The Supreme Court of Canada has ruled that New Brunswick’s top court was wrong to deny Dennis Oland bail while he awaited appeal of his second-degree murder conviction in the death of his father.
Dennis Oland spent about 10 months in custody before he was released on bail just one day after his successful conviction appeal at the New Brunswick Court of Appeal, where his conviction was quashed and a new trial was ordered.
In October of last year, Oland walked freely down the steps of the courthouse in Fredericton, holding hands with his family.

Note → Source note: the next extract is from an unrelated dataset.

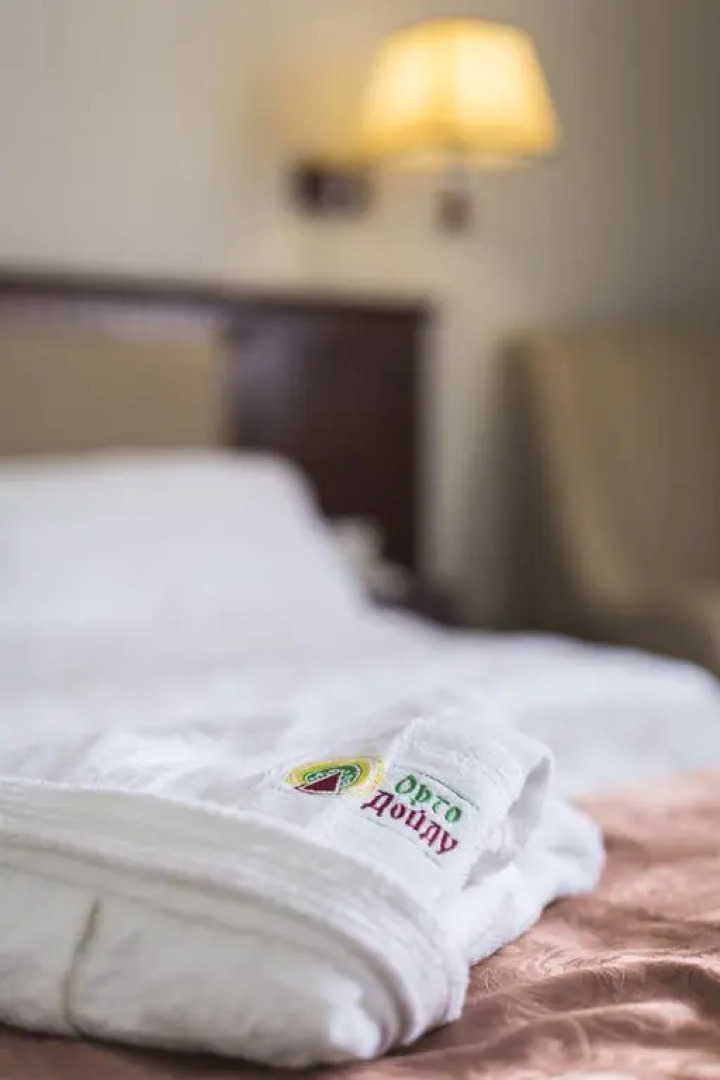 Гостиница Орто Дойду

The decision from the Supreme Court panel, which was delivered by Justice Michael Moldover, says that keeping Oland in detention was unwarranted and that the N.B. Court of Appeal made a mistake in not intervening. Justice JC Marc Richard, of the provincial appeal court, said in his decision that releasing Oland on bail pending his conviction appeal would shake the public’s confidence in the justice system.
“I am respectfully of the review that detaining Mr. Oland on the public interest criterion was clearly unwarranted in the circumstances,” the decision reads.
Justice Moldaver says that aside from the seriousness of the crime, the murder of Richard Oland in July of 2011, Oland was an ideal candidate for bail and there’s weight to the argument that if he couldn’t qualify for release then no one convicted of a similarly serious crime would be.
“That cannot be right,” Justice Moldaver writes. “Parliament did not restrict the availability of bail pending appeal for persons convicted of murder or any other serious crime and courts should respect this.”
The trial judge’s finding that the crime gravitated more towards manslaughter than first degree murder was an important one that the appeal judge overlooked, the SCC says.
“This finding was an important because it served to lessen Mr. Oland’s degree of moral blameworthiness, therby attenuating the seriousness of the crime and hence the enforceability interest. In my view, the cumulative effect of these considerations ought to have tipped the scale in favour of release.”
Justice Moldaver also says that the appeal judge made a legal error and the fact that Oland’s grounds of appeal were “clearly arguable” was enough to pass the “not frivolous” criteria.
The decision says had Dennis Oland not been released on bail, the Supreme Court of Canada would have ordered it.